2. Data onboarding and governance

In the race to automate, time is of the essence. The allure of speed is all too tempting, especially when it comes to implementing automation to boost productivity. Vendors are quick to demonstrate how quickly their tools can automate tasks, impressing business leaders with flashy demos that showcase instant results. Once someone of sufficient influence has been sold the 100x business productivity story, data governance suddenly becomes less of a concern.

Understandably, many of us see data governance as a roadblock to innovation, mostly based on poor past experiences of process-heavy enterprise initiatives. Our natural instincts are to work around the problem at every chance rather than face it and solve the underlying issue.

Data onboarding should take hours, not months. Governance should be seamless, on by default, working away in the background, protecting us from ourselves, and enabling efficient and effective business automation that scales. Organisations that sidestep data governance may see short-term productivity benefits but will feel the pain in the long run.
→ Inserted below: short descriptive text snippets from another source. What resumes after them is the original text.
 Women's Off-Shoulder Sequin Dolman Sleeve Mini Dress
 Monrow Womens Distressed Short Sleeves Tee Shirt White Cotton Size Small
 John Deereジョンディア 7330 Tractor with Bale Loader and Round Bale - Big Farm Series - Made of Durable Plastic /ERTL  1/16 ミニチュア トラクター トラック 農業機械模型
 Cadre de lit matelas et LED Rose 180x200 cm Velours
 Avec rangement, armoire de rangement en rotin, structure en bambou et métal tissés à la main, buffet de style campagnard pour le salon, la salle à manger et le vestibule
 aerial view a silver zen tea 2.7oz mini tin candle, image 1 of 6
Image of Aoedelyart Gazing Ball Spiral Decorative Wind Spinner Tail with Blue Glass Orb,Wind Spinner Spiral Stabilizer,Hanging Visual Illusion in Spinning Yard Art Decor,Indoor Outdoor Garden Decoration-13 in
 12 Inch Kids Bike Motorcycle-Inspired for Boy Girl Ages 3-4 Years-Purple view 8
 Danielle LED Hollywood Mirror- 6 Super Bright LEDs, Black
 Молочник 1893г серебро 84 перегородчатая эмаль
3. Data privacy and exposure

As data privacy and data breach regulations become more stringent, the risks and costs of exposing data escalate. What starts as a well-intentioned effort to empower users can quickly spiral into a privacy and security nightmare.
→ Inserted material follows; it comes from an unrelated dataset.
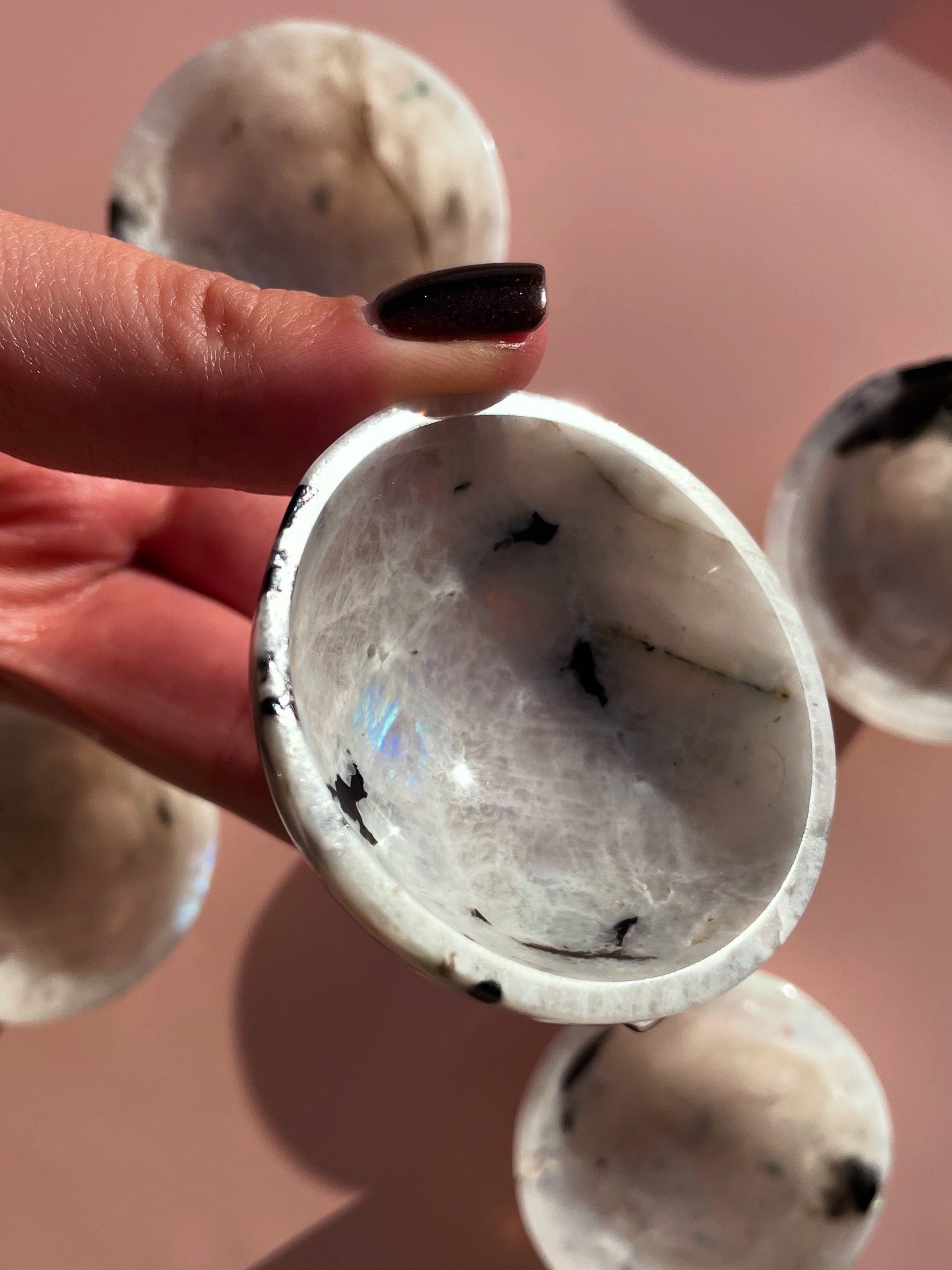 2 Inch Round Rainbow Moonstone Bowl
Organisations need to strike a delicate balance between enabling user convenience and safeguarding sensitive information. Business processes that go directly to the source have little choice but to access information on the vendor's terms. If all data is treated equally, then all data should be treated at the highest level of sensitivity, or you put yourself and the business at risk. The greater the sensitivity of data, the greater the governance burden and the greater the temptation to sidestep it.

4. The Illusion of AI Productivity

The potential of AI is immense, and the pace of change is relentless. This puts further pressure on organisations already struggling to manage their data. But there is a bigger issue at play. AI requires relevant data and business context. The more context you feed an AI, the more meaningful work it can do for you. How much is enough? At what point does the output from an AI become meaningless? With AI output being so believable, can you spot that moment?

The problem is, we've not been great at capturing business context historically. Business concepts, ideas and strategies have been formed through human to human conversations and interactions. The output of these decisions are then encoded in the source code and configuration of our business systems. It is implied context that is lost in the process and is impossible to reverse engineer. For simple problems, it may be enough to simply plug an AI into some line of business system, but without the information that led us there you'll miss out on the real opportunities.

In the race to incorporate AI everywhere, the biggest risk is that people are once again willing to sidestep the difficult problems and favour superficial outcomes rather than revolutionary ones. Let's make it simple: business context is just data, and we are once again back to having a data problem. Maybe it's about time we fixed that?

Conclusion

The path to genuine business efficiency requires a smarter approach to capturing, assembling and processing information in and around the business. Those who recognise this challenge are still struggling with people, process, and a lack of technology that truly commoditises business information and delivers compounding benefits. The current hype wave appears to be incentivising vendors to build solutions that superficially empower and amaze while deliberately papering over the cracks.

We need a fresh approach to solving the currently messy process of onboarding fragmented data, establishing rich and meaningful semantics and leveraging optimised data storage and processing so that we can finally reach the level of AI-powered, self-service business productivity that we’ve been promised.